Wednesday, March 14, 2018

The Last Year, Part 3


Hi Again.

Kind of a rough day at work today, so to reset my mind, another installment of looking back over my working career. Aren’t you guys lucky?
Box Shed Continued: I spent a lot of time at the box shed. I had different shifts, with Graveyard (Midnight to 8:30) and days, from 8:00 to 4:30 being the most. I spent some time on Swing (4:00 PM until 12:30) as well.

Mondays were the heaviest days for unloading trailers and sorting the boxes and other stuff that either makes round trips to the stores (Milk crates, egg crates, bread trays, etc.) or things that came back and were recycled by being sold (cardboard) or things like pallets that went right back into the warehouses for reuse.

I spent my initial years as a straight warehousemen (yeah, it was never called a warehouse-person) doing the sorting stuff. For the first couple of years in the new shed, I also did a job of sanding the labels off of wood peach lugs so that they could be resold to local growers. I was by myself in a corner of the baler shed holding these lugs (boxes) one at a time against this huge machine that spun a belt of floor sanding material to grind off the labels, and make the box look sort of new. I brought my own goggles, face mask and ear protection as this was loud dusty and more than a little scary as if I had a moments inattention and allowed any part of me to brush against that rotating belt of the coarsest sandpaper you can imagine, I would have lost whatever touched it in a flash. Of course, being along, no one would know I was in trouble until a break when I didn’t show up to have a cup of (very poor) coffee. Not even sure then.

Break time was in a very small room. In those days the smokers dominated that kind of work force so being in that room was not that great if you wanted to breath. Alas, it was the only heated room in the facility so I did the breaks there and just had to put up with the blue air. There was one summer where the air smoke was a little different. One the of the guys was a committed stoner, and every break would lite up his little pipe with something that had a very unique smell. Yeah, those were the days.

Besides the box sanding business, we were also the place where pallet boards were repaired. The company bought extra slat boards (1x6’s) and nails for the air powered guns by the truck load. Anther very noisy job with us swing 20 oz hammers, crow bars and shooting those nail guns all shifts. We were usually able to repair a stack of 15 pallets every hour. Some repairs were quick, others required more. It was a job that you just got into a pace and didn’t think too much.

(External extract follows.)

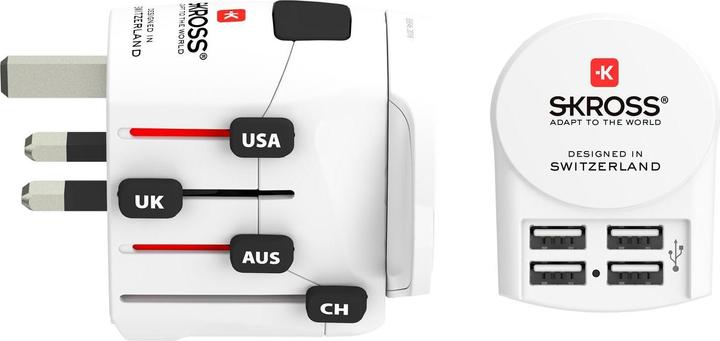 Skross Weltreiseadapter PRO+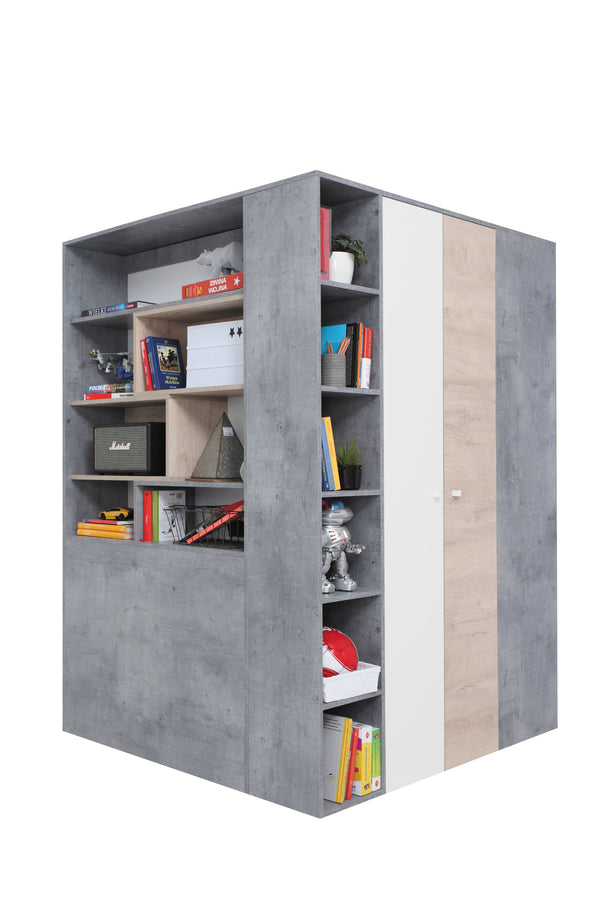 Kleiderschrank – SIGMA System 01 – Moderne Aufbewahrung für stilvolle Jugendzimmer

After a time, I moved on to a fork truck driver. For an astounding extra $0.10 an hour, I got to sit for part of the day. The job consisted of either working the yard, or loading pallets of boxes or paper bales on the customers truck, or for cardboard bales often a rail car. This job was either fairly easy, with me picking up large garbage containers, driving over to a huge truck sized compactor and dumping the container, back across the yard with it empty, rinse repeat.

Loading the paper (carboard) trucks and rail cars was more fast paced.    It was full speed from start to end. The truck drivers appreciated a quick load, so we hustled when they were there. Sometimes alone, sometimes 2 of us working opposite sides of the truck. In rail cars, we would work in pairs most often, with one of us using a pallet jack to bring a stack of store bales (smaller) and push them over onto the floor (boom) and stack the pallets. The fork guy would grab what bales was the right size for a spot he had and shove it into the stack already in the car. If we were loading baler bales (much bigger and heavier), we’d have one fork guy on the ground where those bales were stored, and one buy up in the shed to load into the car. Again, a fast paced task.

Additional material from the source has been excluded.